1943 novel by Arthur Koestler

Arrival and Departure (1943) is the third novel of Arthur Koestler's trilogy concerning the conflict between morality and expedience (as described in the postscript to the novel's 1966 Danube Edition). The first volume, The Gladiators, is about the subversion of the Spartacus revolt, and the second, Darkness at Noon, is the celebrated novel about the Soviet show trials. Arrival and Departure was Koestler's first full-length work in English, The Gladiators and Darkness at Noon having originally been written in German. It is often considered to be the weakest of the three.

In a December 1943 review, George Orwell wrote, "As a novel this book does not succeed.... But as an allegory it does succeed" and "is also notable for what must be one of the most shocking descriptions of Nazi terrorism that have ever been written". Yet in 1944 Orwell concluded that "Arrival and Departure is not a satisfactory book. The pretence that it is a novel is very thin; in effect it is a tract purporting to show that revolutionary creeds are rationalisations of neurotic impulses".

In a November 1943 review, Saul Bellow wrote that Arrival and Departure "raises the following questions: When we have succeeded in understanding what it is in the growth of our minds, our early histories, that drives us to serve causes, is it then proper for us to abandon those causes? What if it is proved to us that our hunger for justice is a sign of neurosis, are we absolved from our responsibility for justice?
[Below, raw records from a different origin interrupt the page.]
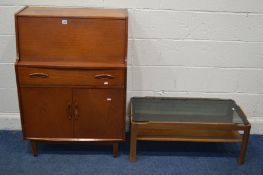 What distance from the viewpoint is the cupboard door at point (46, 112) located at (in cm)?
249

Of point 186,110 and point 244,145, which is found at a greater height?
point 186,110

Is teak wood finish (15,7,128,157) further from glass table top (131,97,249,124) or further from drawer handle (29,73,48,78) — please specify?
glass table top (131,97,249,124)

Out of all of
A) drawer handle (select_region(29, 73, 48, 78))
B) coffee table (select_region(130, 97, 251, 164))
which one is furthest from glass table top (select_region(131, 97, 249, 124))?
drawer handle (select_region(29, 73, 48, 78))

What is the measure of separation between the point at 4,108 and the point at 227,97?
6.28 feet

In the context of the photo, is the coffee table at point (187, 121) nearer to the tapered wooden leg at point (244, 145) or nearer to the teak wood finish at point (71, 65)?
the tapered wooden leg at point (244, 145)

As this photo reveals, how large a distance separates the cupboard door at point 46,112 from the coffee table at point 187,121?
498 millimetres

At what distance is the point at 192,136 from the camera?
2.70 m

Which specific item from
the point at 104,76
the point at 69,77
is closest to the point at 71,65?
the point at 69,77

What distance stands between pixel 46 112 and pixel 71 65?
42 centimetres

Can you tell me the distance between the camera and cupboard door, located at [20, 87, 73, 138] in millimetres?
2494

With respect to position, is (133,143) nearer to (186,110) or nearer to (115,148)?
(115,148)

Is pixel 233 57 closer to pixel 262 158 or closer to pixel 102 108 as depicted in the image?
pixel 262 158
Is it a sign of health to seek satisfaction for one's self and of morbidity to recognize and obligation to ethical values?"

==Plot==
Written during the middle of World War II, Arrival and Departure reflects Koestler's own plight as a Hungarian refugee. Like Koestler, the main character, Peter Slavek, is a former member of the Communist party. He escapes to "Neutralia," a neutral country based on Portugal, where Koestler himself had gone, and flees from there. (Harold Rosenberg wrote in a book review in Partisan Review that "there ought to be a law against such place-names.") Reflecting Koestler's later relationship with science and particularly his disagreement with various movements within psychiatry, the main character emerges from treatment psychically neutered, and the critical question of the novel is how much of his later trauma and political activity is due to a small incident in his childhood.